▶ **To do**: Set out exactly, and only, the lines running from the one containing "Complete Hygienic Shower" to the bottom of the listing below; pictures stay out.

▶ **Data excerpt**:
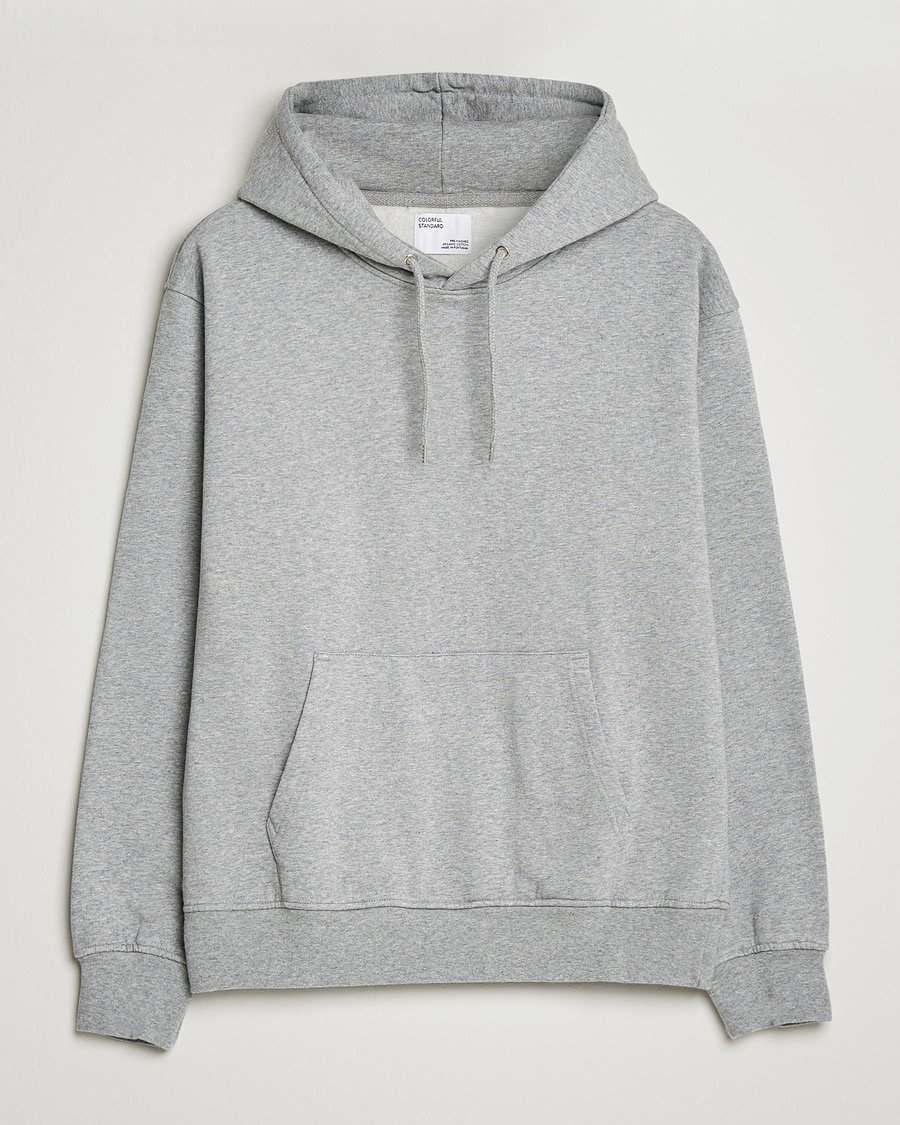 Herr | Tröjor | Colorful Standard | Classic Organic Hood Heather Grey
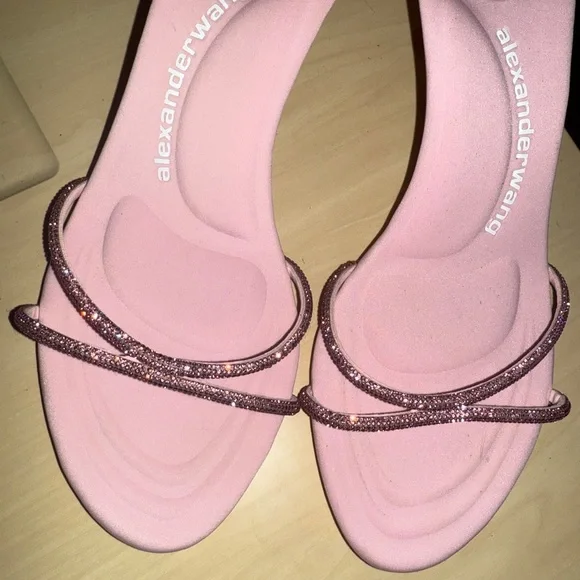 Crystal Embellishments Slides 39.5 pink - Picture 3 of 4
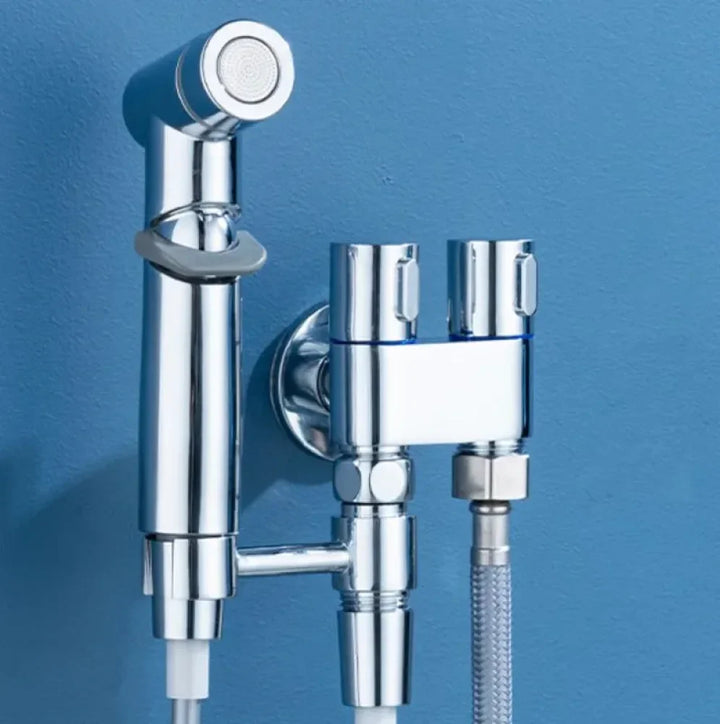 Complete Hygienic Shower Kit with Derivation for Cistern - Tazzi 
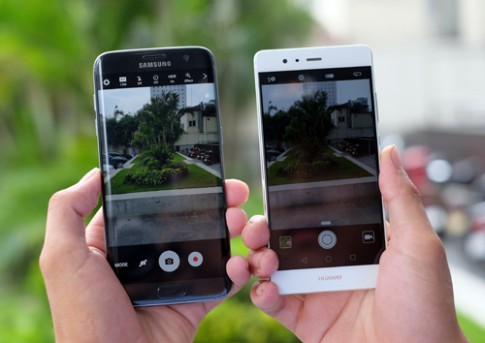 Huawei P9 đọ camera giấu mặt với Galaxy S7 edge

▶ **Answer section**:
 Complete Hygienic Shower Kit with Derivation for Cistern - Tazzi 
 Huawei P9 đọ camera giấu mặt với Galaxy S7 edge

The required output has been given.